Suppose you had a stick of some particular length. If we allow ourselves to cut it up into infinitely many pieces of a certain sort, and then move those pieces around, we could re-arrange this into a stick of twice the original length; specifically, we could carve the original stick into one piece for every point upon it, and then move each of those points twice as far from the end of the stick as they started. We’d end up with all the points on a stick twice as long. That is, we could turn [0, 1] into [0, 2] by carving [0, 1] into infinitely many single points, then translating each single point appropriately.
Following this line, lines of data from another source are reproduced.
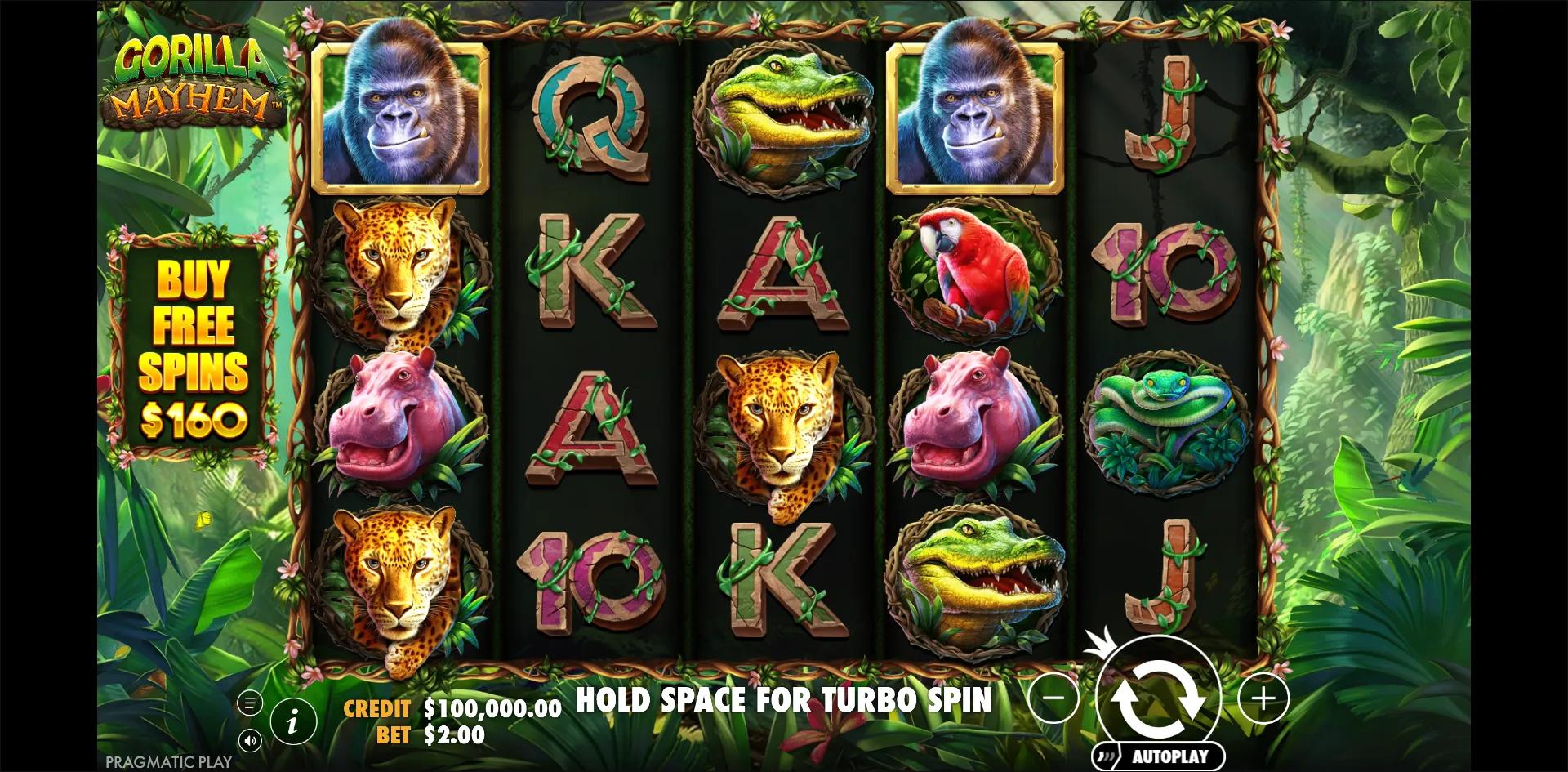 Gorilla Mayhem slot gameplay screenshot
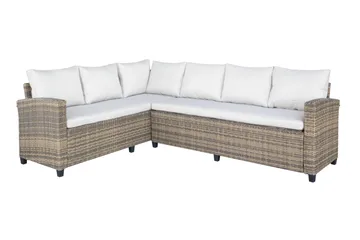 James Light Stor L-formad vändbar loungegrupp utomhus i konstrotting med förvaring och vita dynor - Brun / Beige - Products - Utemöbler & utemiljö - Loungemöbler - Loungeset & loungegrupp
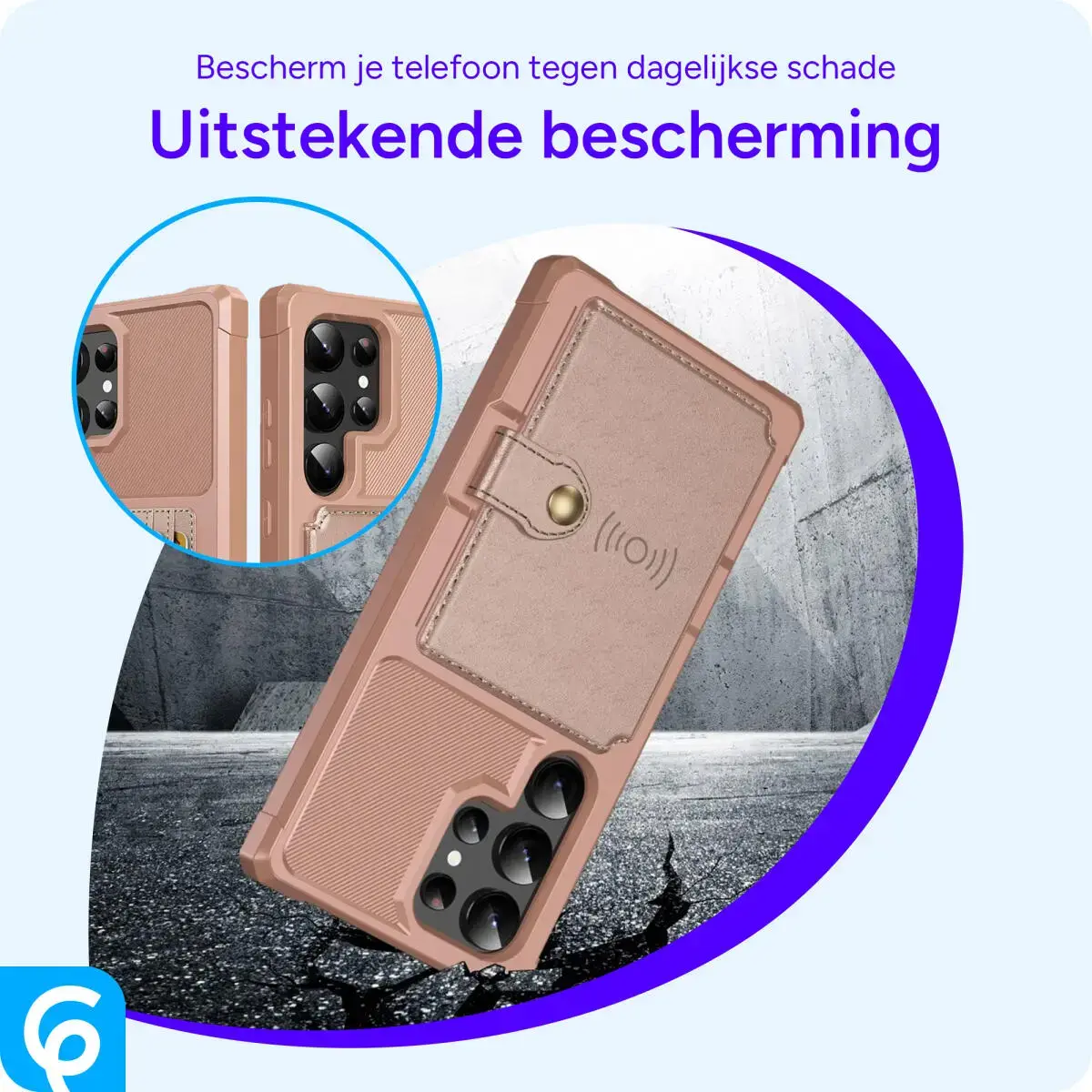 Samsung Galaxy S25 Ultra Hoesje 3-in-1 Pasjes Portemonnee Back Cover Roze afbeelding 5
In this way, we could carve a body up, then move each piece, then end up with something larger. (Note that this depends on conceptualizing bodies as just collections of discrete points…)

“Well, c’mon”, you may say. “Of course if you could split things into one piece for each point, you could pull that off. That’s an ungodly number of pieces; uncountably infinite, even. What if I restricted you to using larger pieces and less of them?”.

Well, let’s try another example. By a rational angle, I mean an angle which is a rational multiple of 360 degrees [that is, an angle which, when rotated by repeatedly, eventually brings something back to where it started]. Suppose I have a circle. I’ll consider two points on the circle to be “in the same club” if the angle between them is a rational angle. This organizes the points of the circle up into a number of disjoint clubs. Next, select one (just one) point from each of these clubs, and drop some red ink on it. (Go ahead, just randomly pick one point from each club and drop red ink on it). The resulting collection of red points we’ll call V. Note that, since every point on the circle is in the same club as one and only one point in V, every point on the circle is a unique rational angle away from a point in V.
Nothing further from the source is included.